Here most of them are files that were only deleted.

My first intuition was that when a file is created in branch X, then
an action (M, D, V) is done in branch Y on that file, a new file entry
is added in branch Y although it shouldn't.

But looking at the file
"Mono.Addins/Mono.Addins/Mono.Addins/AddinLocalizer.cs" shows more
weird things and I really have no idea what happens:

SELECT f.id, fl.file_path, flc.n, a.type, a.branch_id, l.date
FROM files f, file_links fl, file_links_count flc, actions a, scmlog l
WHERE fl.file_id = f.id AND flc.id = f.id AND f.id = a.file_id
AND fl.file_path = "Mono.Addins/Mono.Addins/Mono.Addins/AddinLocalizer.cs"
AND a.commit_id = l.id ORDER BY l.date;
+------+-------------------------------------------------------+---+------+-----------+---------------------+
| id   | file_path                                             | n | type | branch_id | date                |
+------+-------------------------------------------------------+---+------+-----------+---------------------+
| 3262 | Mono.Addins/Mono.Addins/Mono.Addins/AddinLocalizer.cs | 1 | C    |         1 | 2008-03-02 21:23:19 |
| 3929 | Mono.Addins/Mono.Addins/Mono.Addins/AddinLocalizer.cs | 1 | C    |         9 | 2008-03-02 21:23:19 |
| 4375 | Mono.Addins/Mono.Addins/Mono.Addins/AddinLocalizer.cs | 1 | D    |         1 | 2009-01-21 18:45:31 |
| 3262 | Mono.Addins/Mono.Addins/Mono.Addins/AddinLocalizer.cs | 1 | D    |         1 | 2009-01-21 18:45:31 |
+------+-------------------------------------------------------+---+------+-----------+---------------------+

I have found this problem recurrent across most GNOME git repositories
(with the most extreme case being Evolution). While there is many issue
with those repositories because of conversion from CVS to SVN
and then from SVN to Git, I experienced similar problems with other
"pure" git repositories when using CVSAnalY.

@andygrunwald
Copy link
Contributor

Thanks for this detailed description.
Sadly i wont have time to have a look now (and until february), but maybe some other team members can have a look now.

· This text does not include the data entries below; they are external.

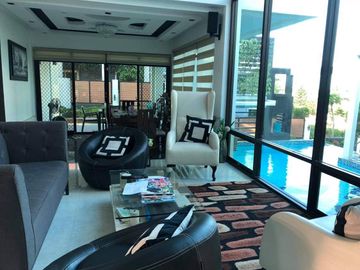 FOR SALE TAGAYTAY HOUSE AND LOT WITH SWIMMING POOL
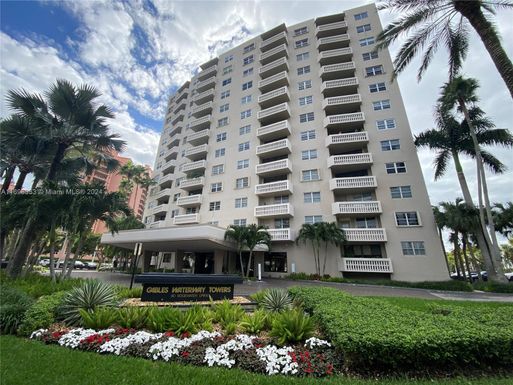 90 Edgewater Dr # 805, Coral Gables FL 33133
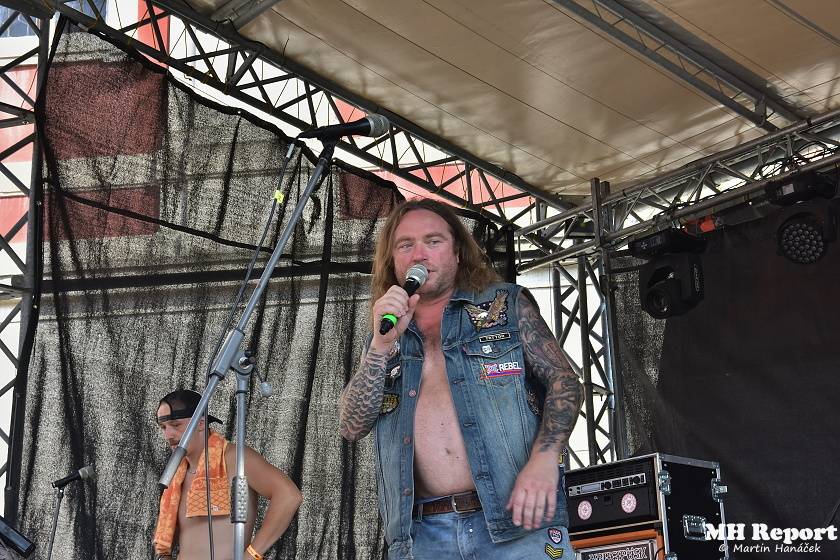 Metal Fest v Plasích spláchl déšť, předtím vystoupili Krucipüsk nebo Stroy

@ghost ghost assigned sduenas Nov 27, 2013
@maelick
Copy link
Contributor Author

maelick commented Nov 27, 2013

Here's more information.

I created a simple test git repository as follow:

mkdir test
cd test
git init
echo "hello" > file
git add file
git commit -m "added"
git checkout -b test
echo "hello world" > file
git commit -am "modified"
git checkout master
echo "hello foo" > file
git commit -am "modified master"
cd ..
./CVSAnalY/cvsanaly2 -u <user> -p <pass> -d <db> ./test

It contains a single file, two branches with one commit each modifying the file.
This gives the following content for table actions:

+----+------+---------+-----------+-----------+
| id | type | file_id | commit_id | branch_id |
+----+------+---------+-----------+-----------+
|  1 | A    |       1 |         1 |         1 |
|  2 | M    |       2 |         2 |         2 |
|  3 | M    |       1 |         3 |         1 |
+----+------+---------+-----------+-----------+

Running CVSAnalY in debug mode shows that when the second commit (the
one on the "test" branch) is added to the database the file searched
in the cache is "<branch_id>://file". Thus for this second commit it
searches "2://file" which doesn't exist and add a new entry in files:

DBG: DBContentHandler: commit: 2 rev: bcfe4087a2830c60fae43e59ead58e4204ebfa0c
DBG: DBContentHandler: Action: M
DBG: DBContentHandler: ensure_branch test
DBG: SELECT id from branches where name = %s
DBG: INSERT INTO branches (id, name) values (%s, %s)
DBG: DBContentHandler: Looking for path 2://file in cache
DBG: DBContentHandler: looking for path 2://file in moves cache
DBG: DBContentHandler: ensure_path 2://file

I wonder why the branch id is added to the file path? Is this
something related to CVS way of treating branches and thus needed to
handle CVS branches? Extracting a CVS repository
(http://sourceforge.net/p/tyrant/code/) gives also files never
created. This doesn't make sense when using git and I don't know if it does for CVS or even SVN...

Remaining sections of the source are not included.